- Born: September 6, 1922 Huntington, West Virginia, US
- Died: June 11, 2000 (aged 77)
- Occupation: Actress
- Years active: 1947–2000
- Known for: All My Children

= Elizabeth Lawrence (actress) =

American actress (1922–2000)

Elizabeth Lawrence (September 6, 1922 – June 11, 2000) was an American actress, best known for her role as Myra Murdock Sloane in the soap opera All My Children from 1979 to 1991.

==Life and career==
Lawrence was born in Huntington, West Virginia, and obtained a bachelor's degree in science and a master's degree in special education. She made her acting debut in 1947 off broadway in Skin of our Teeth and her Broadway debut in 1954 in The Rainmaker and would go on to act in several other theatrical productions. She would also work on the daytime soap operas The Road of Life, The Edge of Night, A World Apart, The Doctors, Guiding Light, and All My Children from 1979 to 1991 where she played Myra Murdock Sloane. She earned three Daytime Emmy Award nominations in 1981, 1982 and 1985 for Outstanding Supporting Actress in a Drama Series. Her other notable acting work includes roles in the movies Four Friends, We're No Angels, Sleeping with the Enemy, The Butcher's Wife and The Crucible as well as guest starring roles on television series such as Law & Order, Oz and Third Watch. In the 1970s and 1980s, she also worked as an auxiliary police officer in Manhattan, New York.

==Filmography==

===Film===

| Year | Title | Role | Notes |
| 1964 | Lilith | Patient (uncredited role) | Feature film |
| 1981 | Four Friends | Mrs. Prozor | Feature film |
| 1989 | We're No Angels | Mrs. Blair | Feature film |
| 1991 | Sleeping with the Enemy | Chloe | Feature film |
| The Butcher's Wife | Grammy D'Arbo | Feature film |
| 1996 | The Crucible | Rebecca Nurse | Feature film |
| 2000 | Isn't She Great | Minsey Hastings | Feature film |
| Unbreakable | School nurse | Feature film |
| The Ride Home | Clara (age 80) | Short film |

===Television===

| Year | Title | Role | Notes |
| 1954 | The Philco Television Playhouse | Unknown role | Episode: "Smoke Screen" |
| The Road of Life | Francie Brent | Daytime serial (recurring role) |
| 1955 | Frontiers of Fatih | Unknown role | Episode: "The Biggest Yes in the World" |
| 1961-1963; 1967 | Edge of Night | Constance Johnson | Daytime serial (contract role 1961-1963) |
| Vera Turek | Daytime serial (recurring 1967) |
| 1963 | East Side West Side | Emily Mooney | Episode: "The Sinner" |
| 1965-1966 | Bob Hope Presents the Chrysler Theatre | Unknown role | Episode: "The Admiral" (1965) |
| Mrs.
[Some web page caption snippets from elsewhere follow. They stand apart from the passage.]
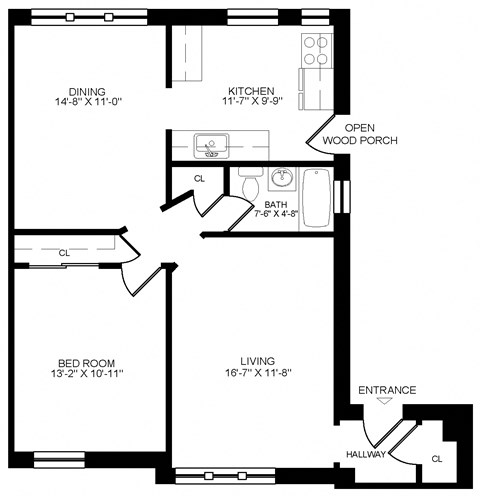 Floor plan for 1 bed, 1 bath, 755 sqft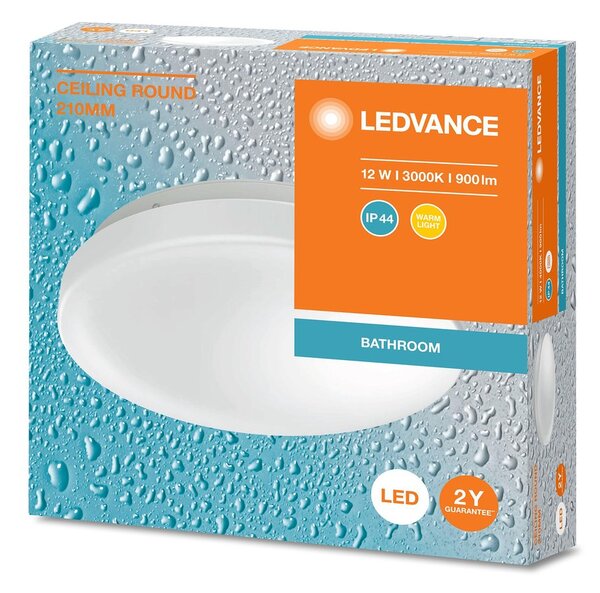 LEDVANCE LEDVANCE, Fürdőszobai mennyezeti lámpa, ø 210mm, 900lm, 12W, 3000K, IP44, AC464780055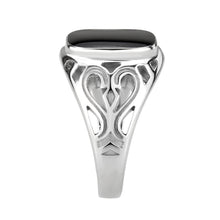 Load image into Gallery viewer, TK3753 High polished Stainless Steel Ring with Epoxy in Jet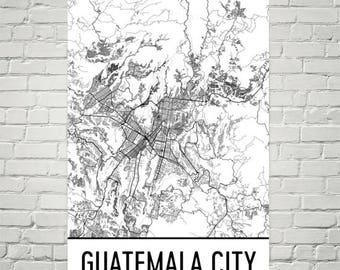 Guatemala City Map, Guatemala City Art, Guatemala City Print, Guatemala City Guatemala Poster, Wall Art, Gifts, Map of Guatemala, Poster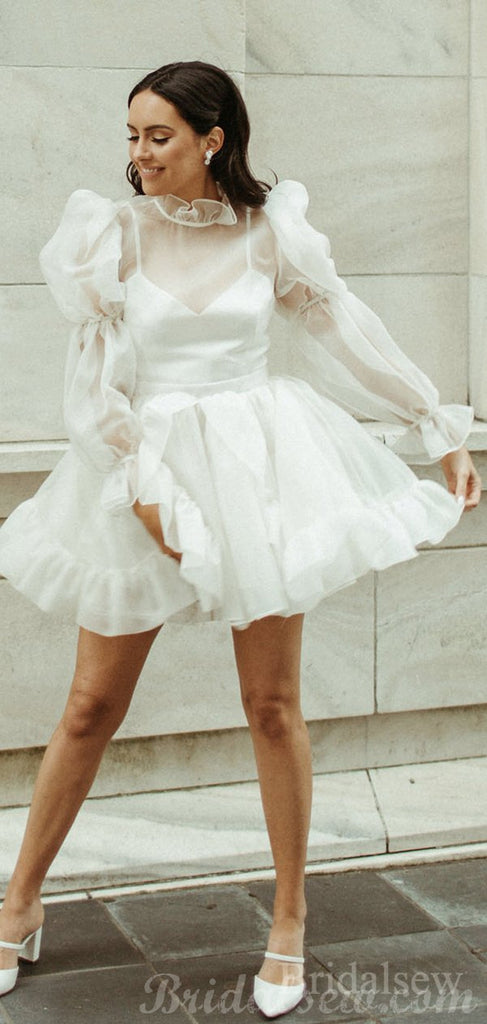 Short Beach Vintage Unique Long Sleeves Wedding Dresses WD009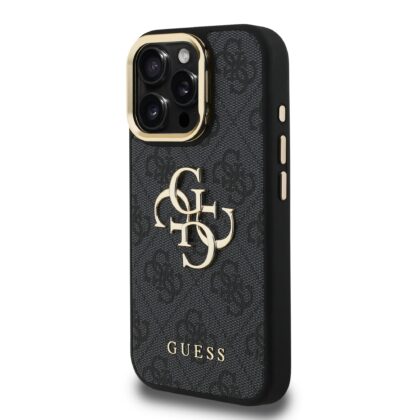 Guess PU 4G Metal Logo Stand Camera Frame Case for iPhone 15 Pro / Black GUHCP15LPCS4GP4K 3666339469375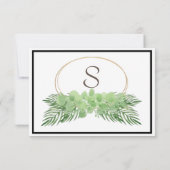 Palmbladeren en Eucalyptus Weddenschap modern foli RSVP Kaartje (Achterkant)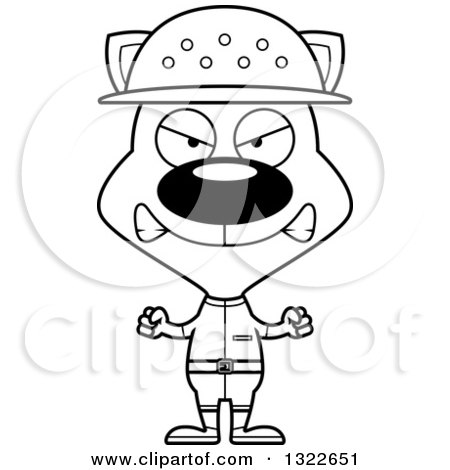 Lineart Clipart of a Cartoon Black and White Mad Cat Zookeeper - Royalty Free Outline Vector Illustration by Cory Thoman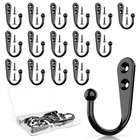 15 Pcs Black Coat Hooks - Wall Hooks For Closet Hanging  15pcs Hook   Black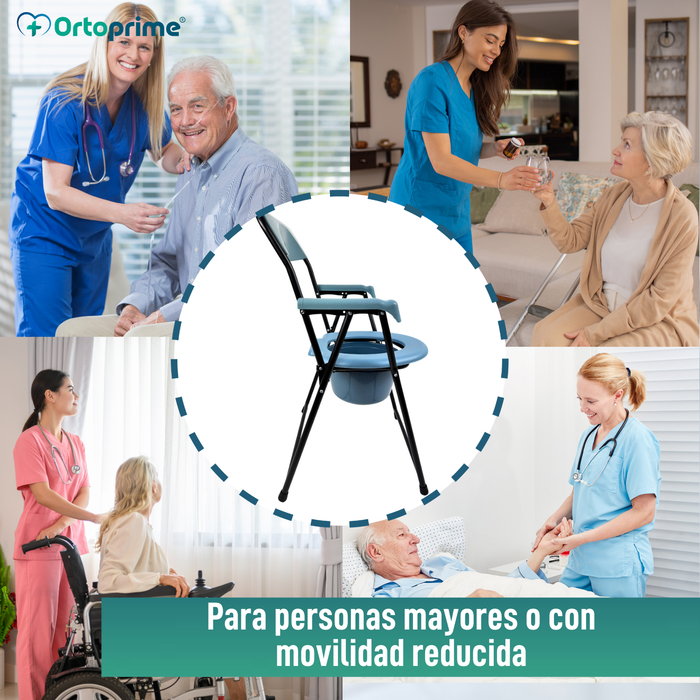 Silla WC Plegable Personas Mayores | Inodoro Portátil Adultos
Cunningham | Episode: "Guilty or Not Guilty" (1966) |
| 1970 | A World Apart | Betty Kahlman | Daytime serial (only appeared in pilot episode (#1.1); Augusta Dabney played the character for the remaining 324 episodes) |
| 1974; 1998 | As the World Turns | Marsha Davidson | Episode: #4595 (1974) |
| Mrs. Foerter | Episode: "October 12, 1998" (1998) |
| 1976-1978 | The Doctors | Virginia Dancy | Daytime serial (contract role) |
| 1979-1991 | All My Children | Myra Murdoch Sloan | Daytime serial (contract role) For Daytime Emmy info, see Awards and nominations section below for details |
| 1991 | Law & Order | Miss Elsie Hatch | Episode: "Asylum" |
| 1993-1994 | Guiding Light | Bess Lowell | Daytime serial (recurring role) |
| 1998 | Oz | Beecher's Grandmother | Episode: "Family Bizness" |
| 2000 | Third Watch | Mary Stiverson | Episode: "Young Men and Fire..." Final role |

==Awards and nominations==

| Year | Award | Category | Work | Result |
|---|---|---|---|---|
| 1981 | Daytime Emmy Award | Outstanding Supporting Actress in a Drama Series | All My Children | Nominated |
| 1982 | Daytime Emmy Award | Outstanding Supporting Actress in a Drama Series | All My Children | Nominated |
| 1985 | Daytime Emmy Award | Outstanding Supporting Actress in a Drama Series | All My Children | Nominated |

==Death==
Lawrence died of cancer on June 11, 2000, at age 77. M. Night Shyamalan's Unbreakable was dedicated to her memory.